It may be easy to say that from a position of success, but it hasn’t all been triumphs with Weiner. Just last year, he released a movie, Are You Here, that received some of the worst reviews of any film in 2014. Weiner knows success from both sides, which makes his message that much more resonant: Never take to heart what other people say about you. Find your sense of self within. And keep pushing to accomplish what you want to do. “Part of my job,” he says, “besides writing and directing—is to let people know that they shouldn’t give up.” Hear, hear!

Read on for more hard-won life lessons from the man behind Mad Men.

Photo: James Minchin III, courtesy of AMC

EVERYBODY IS NOT YOU

“I like to think that every mistake we made I learned from,” says Weiner, whose lessons were myriad. “Here’s something that came to me very late in the process.”

John Slattery, who plays Roger Sterling on the show, directed five episodes of Mad Men after shadowing other directors on the set. When he was ready to do his own episode, he was suddenly sitting on the other side of the casting table, observing that process with fresh eyes. And Slattery pointed out something that Weiner had never considered. “Sometimes actors come in for a reading and they are quiet or even belligerently immovable,” Weiner says. “I thought their agent pushed them to be there and they didn’t really want to, or they don’t like auditioning. Maybe they’d never seen the show. But John told me something that had never occurred to me: that a lot of people who I thought were being belligerent, arrogant or unpleasant in some way, that that’s how they express their anxiety. The truth was they were nervous, and I didn’t see it.”

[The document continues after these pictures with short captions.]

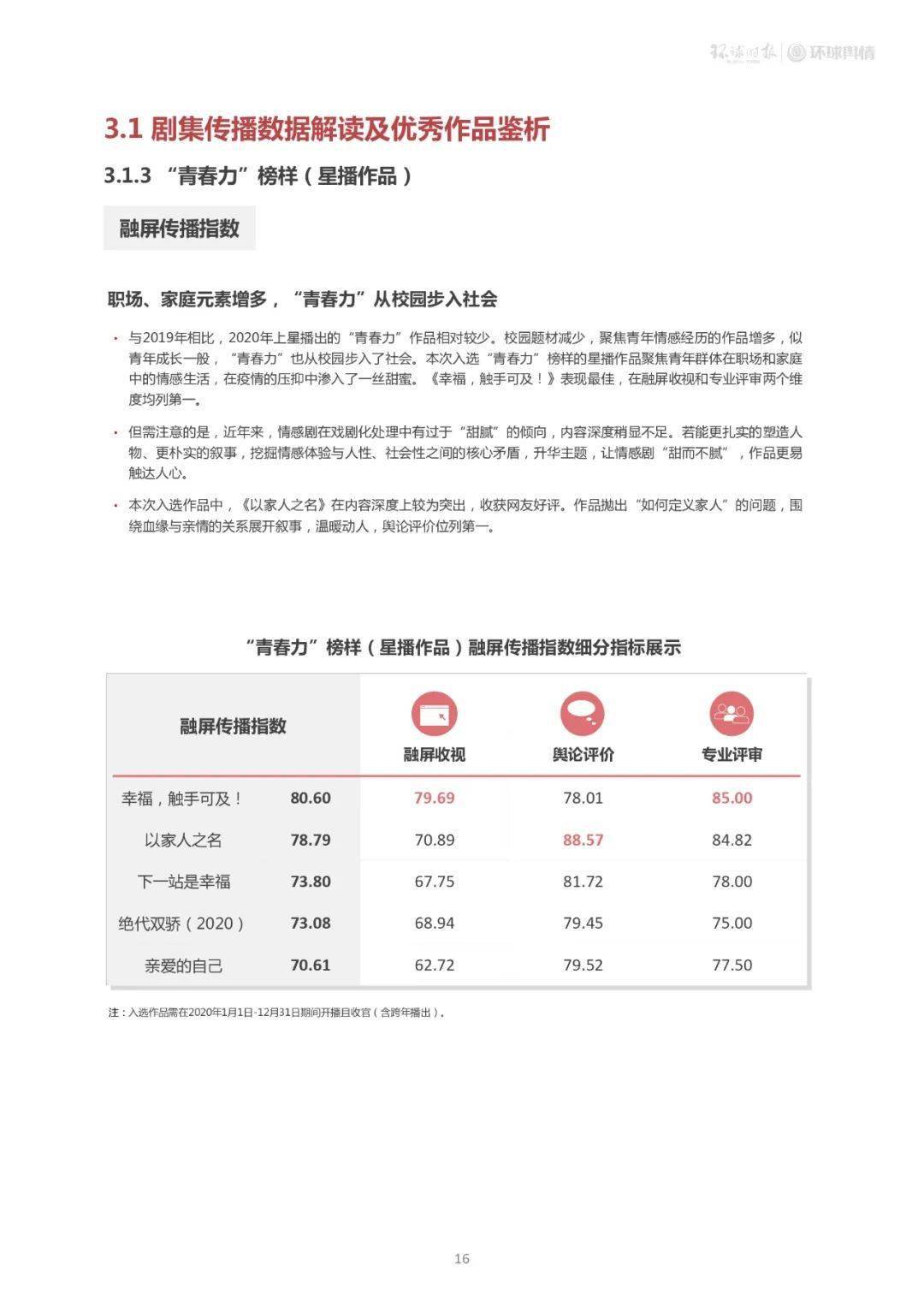 全球奥特曼排名榜单大盘点！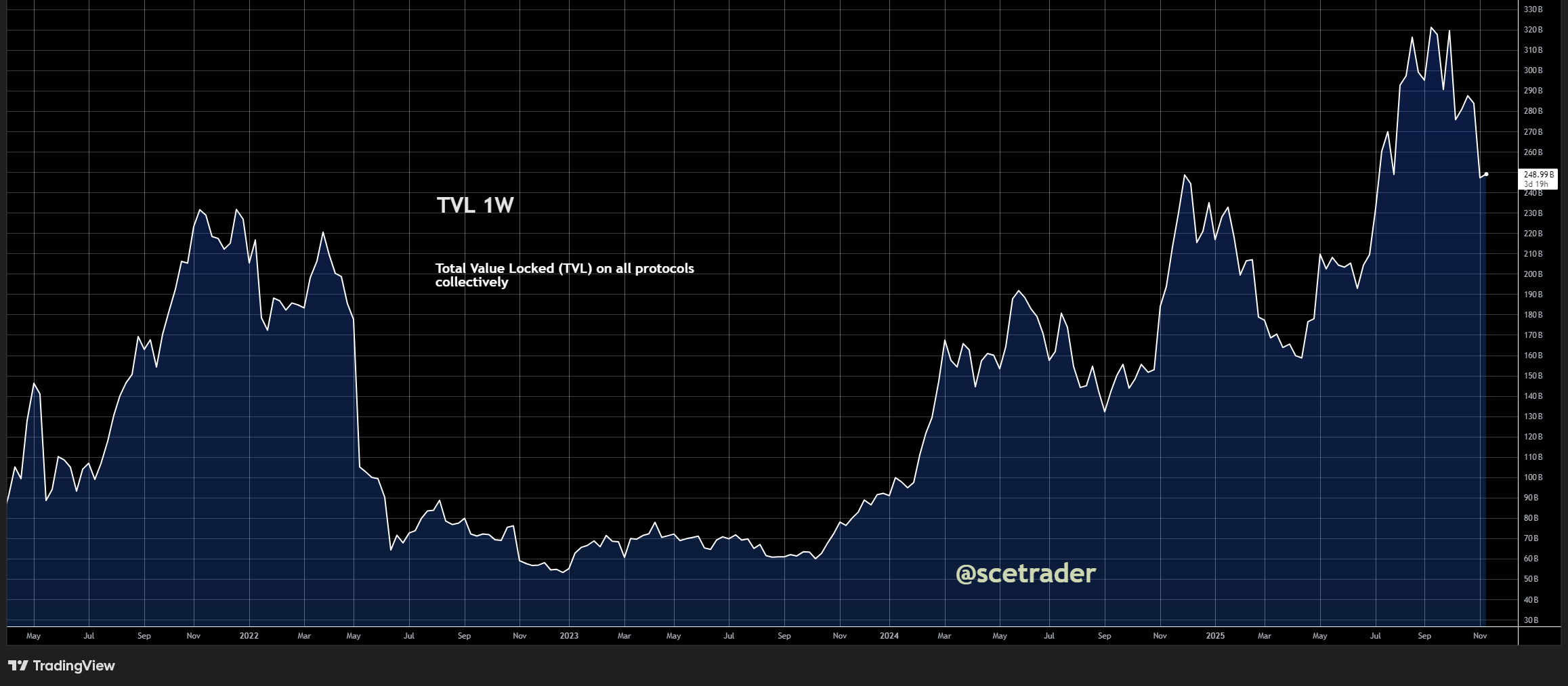 📻 Crypto podcast: Het blijft een zwak beeld - Niet hype munten hebben de toekomst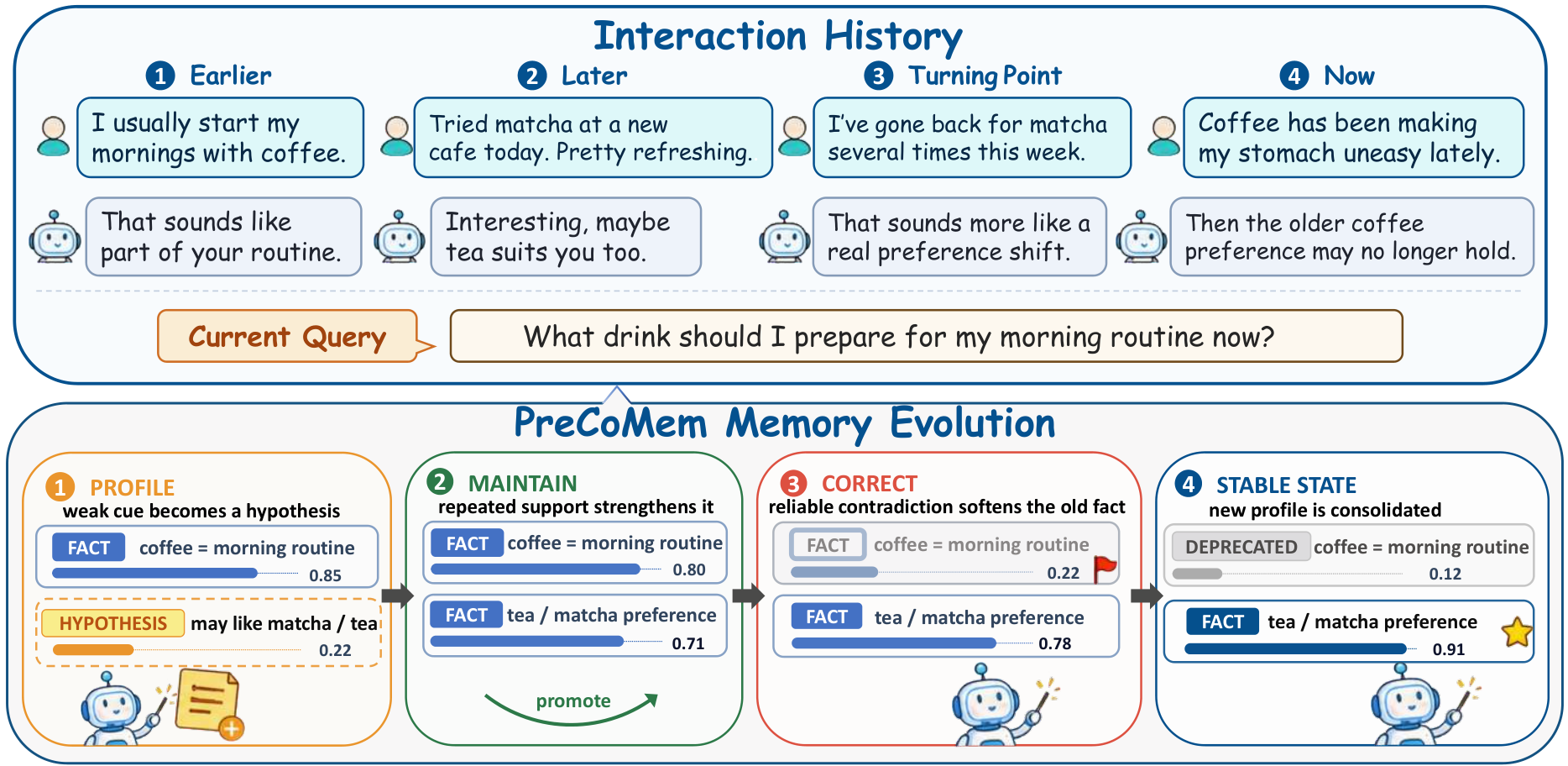 Figure from PreCoMem: Predictive Cognitive Memory for Self-Evolving Long-Term Dialogue Agents
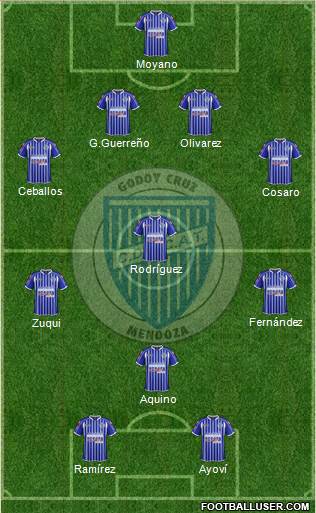 Godoy Cruz Antonio Tomba Formation 2014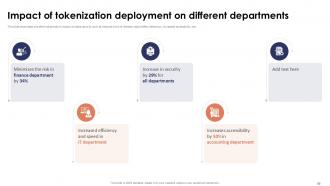 Platform Tokenization Deployment Powerpoint Presentation Slides Ppt ...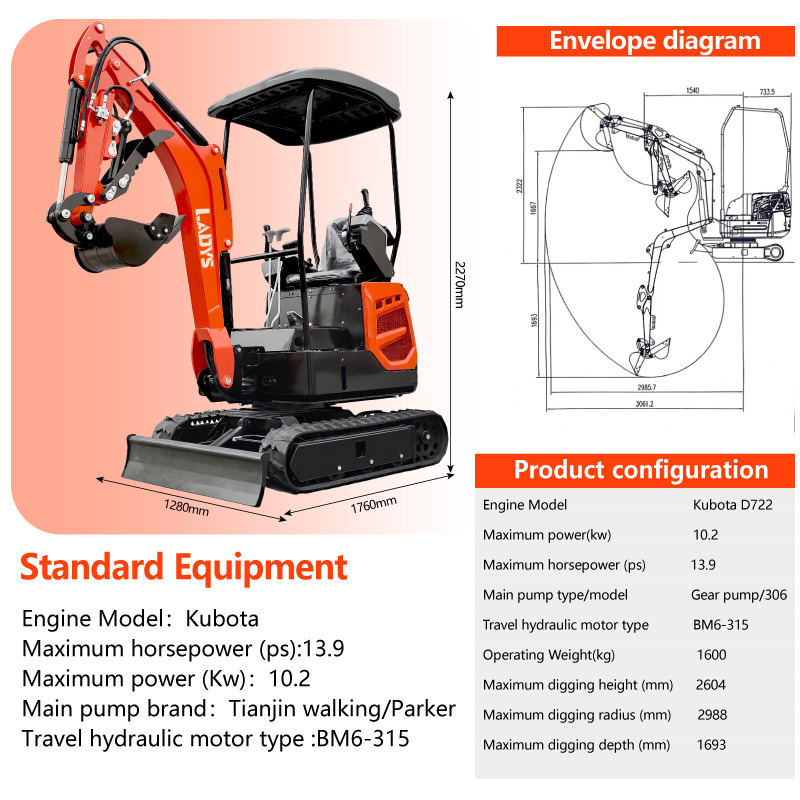 LADYS DY18 Mini Excavator CE Certification Kubota Engine(Factory Outlet) Mini Pelle Minibagger Minikoparka Miniexcavadora - Mini excavator: picture 2 LADYS DY18 Mini Excavator CE Certification Kubota Engine(Factory Outlet) Mini Pelle Minibagger Minikoparka Miniexcavadora - Mini excavator: picture 2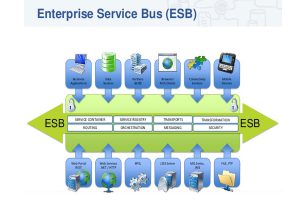 Giới thiệu về ESB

Not that Weiner is unfamiliar with anxiety. “I let everybody do [a reading] more than once. I always try to defuse people’s anxiety and give them a chance to perform, give them a note—even if it’s just ‘Do it again,’ but usually it’s more than that. You never know, you can dig a little bit deeper and someone’s anxiety will disappear from the process and you will see something amazing.” But to him, anxiety expresses itself in particular ways: “For me, and it’s probably an ethnic thing,” he says, referring to some not-untrue Jewish stereotypes, “but nervous people talk fast and laugh too much and run into doorways and are clumsy. To see someone come in and be, like, ice cold, and say something obnoxious that they don’t realize is obnoxious–or not say anything at all–or give this completely shut down, emotionless performance, I did not know that that was an anxiety.”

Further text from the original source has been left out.